Bhutanese environmentalist and diplomat

Dasho Paljor Jigme Dorji (དཔལ་འབྱོར་འཇིགས་མེད་རྡོ་རྗེ), commonly known as Dasho Benji, is a Bhutanese environmentalist, judge and diplomat.

==Career==
===Environmentalism===
Often referred to as Bhutan's "Godfather of Conservation", he established Bhutan's first non-governmental organization, the Royal Society for the Protection of Nature in 1987 to conserve the country's black-necked crane population and to preserve the country's biodiversity in general.

He was also involved in the drafting of "The Middle Path" the country's first National Environmental Strategy which was published in 1998. He also served as an advisor to numerous conservation and environmental organizations in Bhutan including the National Environment Commission. Dorji was also conferred the Jigme Singye Wangchuck Outstanding Environmental Stewardship Award for Policy Leadership. The Bhutan Ornithological Society as well as the Bhutan Ecological Society was founded by himself with him serving as founding president of the two organizations.

In 2018, he was named as one of the "Nature's Heroes" by the Royal Society for the Protection of Nature.

===In the government===
Dorji has served in the government of Bhutan as early as 1969. He served as an advisor to the former king of Bhutan, Jigme Singye Wangchuck

As judge he served as Magistrate of Paro District from 1969 to 1972, as High Court Judge from 1972 to 1974. Jigme Palden Dorji appointed him as the first Chief Justice of Bhutan's High Court serving from 1974 to 1987 (acting capacity from 1974 until 1985). He was succeeded by Lyonpo Sangay Penjore who was appointed by the king in 1987.
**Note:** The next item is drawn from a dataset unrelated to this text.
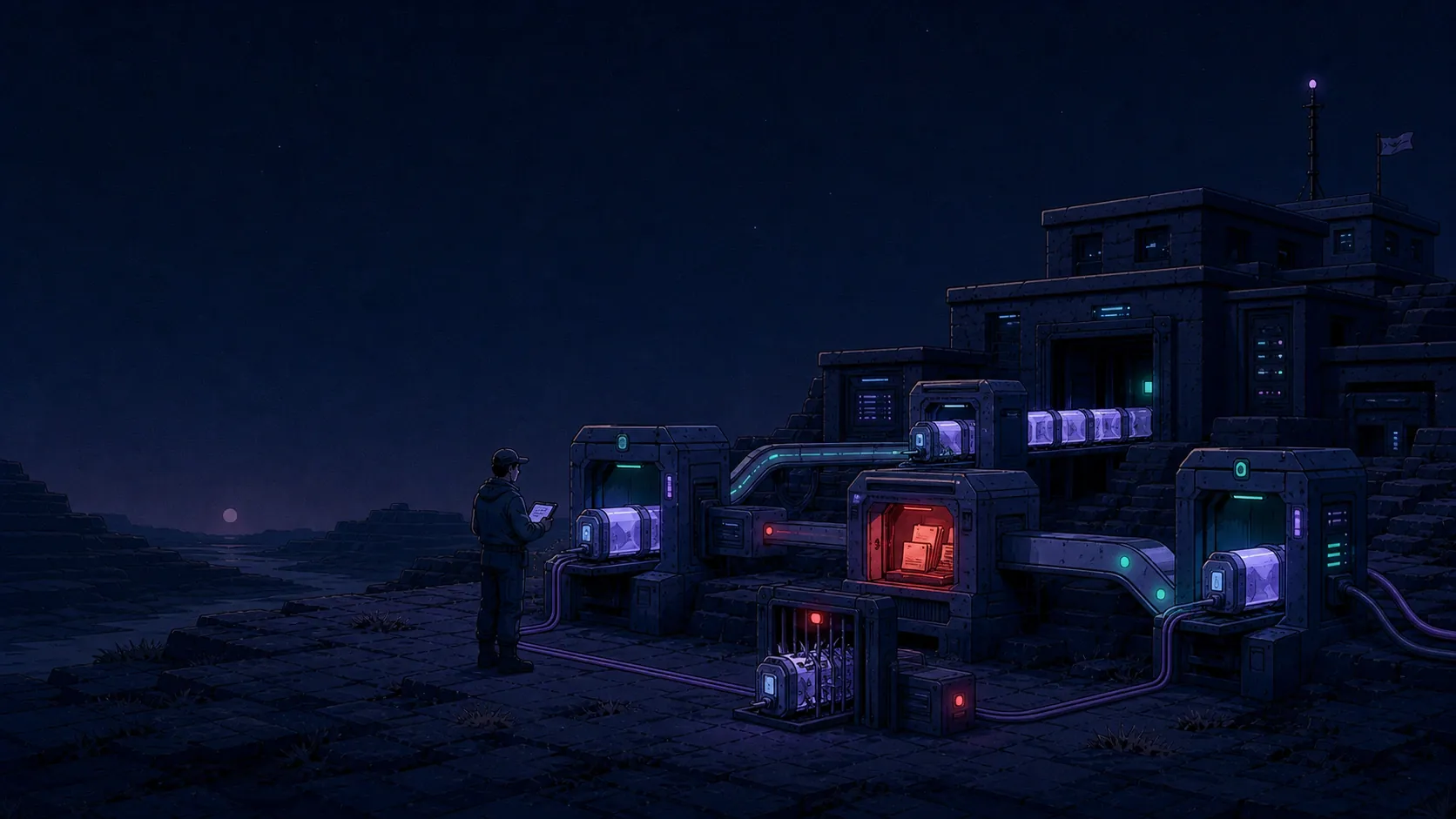 An illustrated checkpoint inspecting AI requests before they enter a protected system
He was also Deputy Minister for Social Services from 1988 to 1991, and Deputy Minister to the National Environment Commission 1994 to 1997.

===As Diplomat===
As a diplomat, Paljor Dorji served as Ambassador to the United Nations and European capitals from 1991 to 1994. However, a lot is yet to be known

==Filmography==
Paljor Dorji featured in the 2016 film Power of the River: Expedition to the Heart of Water in Bhutan an adventure documentary by American director Greg Hamilton which tackles about the issues on setting up dams in Bhutan's rivers.

==Personal life==
Paljor Dorji is the son of Bhutan's first prime minister, Jigme Palden Dorji, and his Tibetan wife, Tsering Yangzom. Tobgye Dorji is his brother, a former diplomat who became a hotelier in Paro. A member of the royal family, Paljor Dorji is a cousin of Bhutan's fourth king, Jigme Singye Wangchuck. His mother was Ashi Tsering Yangzom, daughter of Tibetan aristocrat and official Tsarong.

He is also credited for bringing the sport of basketball in Bhutan having learned the sport in from Canadian Jesuits in a boarding school in Darjeeling, India. He also introduced the sport to the royal family having taught the sport to King Jigme Singye Wangchuck when the monarch was still a teenager.